Well, maybe after his next role. In "Hope Springs," due this fall, Firth plays an artist who flees England for the United States to mend his broken heart and winds up with both Minnie Driver and Heather Graham vying for him.

Firth, who has a 14-month-old son with his wife and an 11-year-old son with Meg Tilly, his "Valmont" co-star, approaches work the way a husband and father would.

"You can't quite indulge the artistic choices that you might have when you were younger," he says. "You hope you can get a well-paid job in something that's also good. That's not always an option.

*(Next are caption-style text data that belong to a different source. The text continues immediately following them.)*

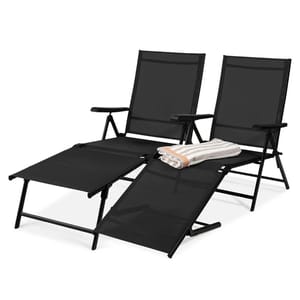 Two black reclining outdoor lounge chairs with adjustable footrests are shown, along with a folded striped towel placed on one of the chairs.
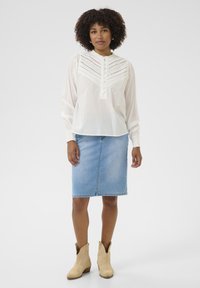 Blusa blanca de manga larga con detalles de encaje, con botonera, combinada con una falda lápiz de mezclilla azul claro y botas de vaquero beige.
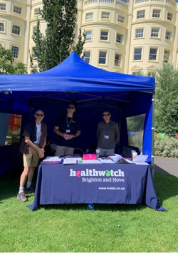 Healthwatch team standing under gazebo at festival.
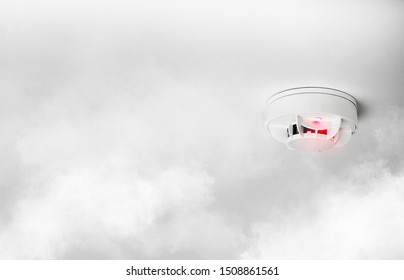 Close-up Of Smoke Alarm Or Smoke Detector In Home Going Off With Thick Smoke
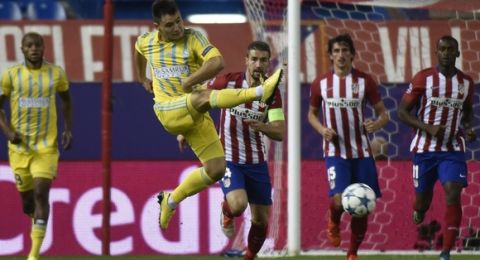 Astana's midfielder midfielder Georgy Zhukov controls the ball during the UEFA Champions League group C football match Club Atletico de Madrid vs FC Astana at the Vicente Calderon stadium in Madrid on October 21, 2015.  AFP PHOTO / PEDRO ARMESTRE        (Photo credit should read PEDRO ARMESTRE/AFP/Getty Images)
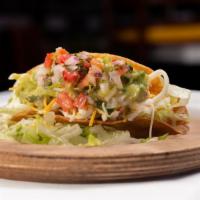 Chicken Hard Shell Taco · Delicious chicken among freshly prepared ingredients served in a crisp-fried corn tortilla.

"Peter O'Toole (his co-star in 1990's 'Wings of Fame') used to say to me, 'One for show, one for dough.' I said to him, 'Which one are we doing now?' He said, 'Dough.' "

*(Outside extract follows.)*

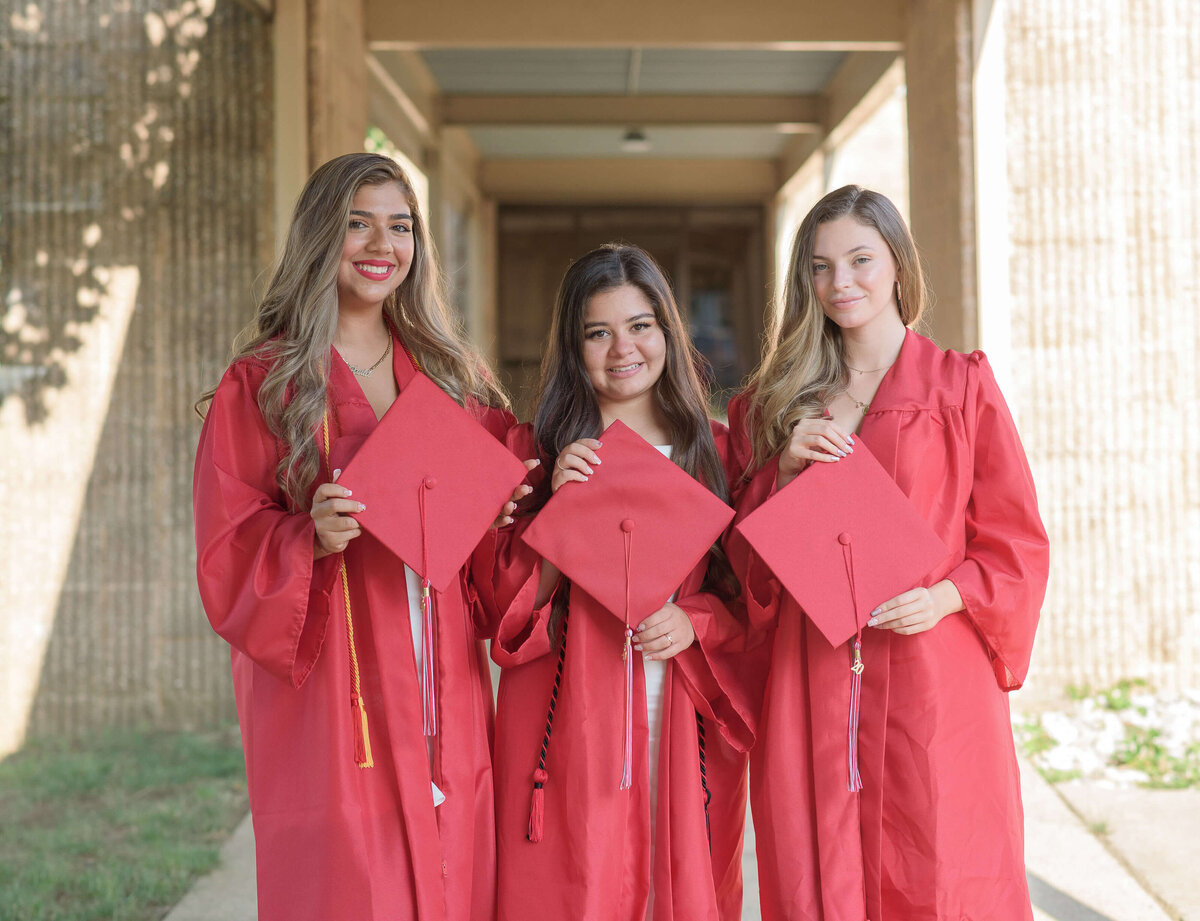 group of high school senior posing on their graduation day wearing red gowns in atlanta georgia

Firth is "unemployed" at the moment and enjoying life at home in England with his wife and son.

"As a young person, like most young people, I would have utterly shunned the idea of anything comfortable and bourgeois, but as time has gone on, I've started to feel a need for it really," he says. He doesn't do anything really outrageous, like dusting or gardening.

"I kind of want to have it there already and have somebody else do it all," he admits. "I think it's Raul Julia in 'The Addams Family,' when his child is born, who says, 'The exquisite joy of having children and then paying somebody else to raise them.' "

Firth says he's perfectly willing to relax when he's not working and not look for creative outlets other than acting.

"My ability at anything else is so limited that it's embarrassing to even talk about it," he says. "I have my little hobbies just like everyone else. I like to play the guitar badly. I play the piano even worse. I read, slowly and laboriously. I try to write. It's not how I spend my days, trying to do other creative things."

Ironically, director Oliver Parker made him play guitar and sing in "The Importance of Being Earnest."

"I actually desperately hoped it might lead me on another career direction," he says dryly. "I would get discovered and the world would fall in love with my singing voice. The offers for the 'Oklahoma!' revival would come rushing in. It hasn't worked out.

"I studied very, very hard and very intensely on the guitar . . . to try to distract from the limitations of my vocal abilities. It didn't work really. The whole abiding impression is of one big limitation. But I studied very hard, and Rupert caught me at it and mocked me mercilessly."

Firth had worked with Everett before, way back in his 1984 film debut, "Another Country."

"Rupert's got a memory of me playing the guitar endlessly when we worked together the first time," says Firth. "I don't remember this at all. I do not believe I ever brought a guitar onto the set of 'Another Country.'

"His memory of me is as a kind of earnest socialist hippie, endlessly strumming the guitar and determined to give the first $500 that I ever earned in my life away to charity. Nothing could be more ghastly."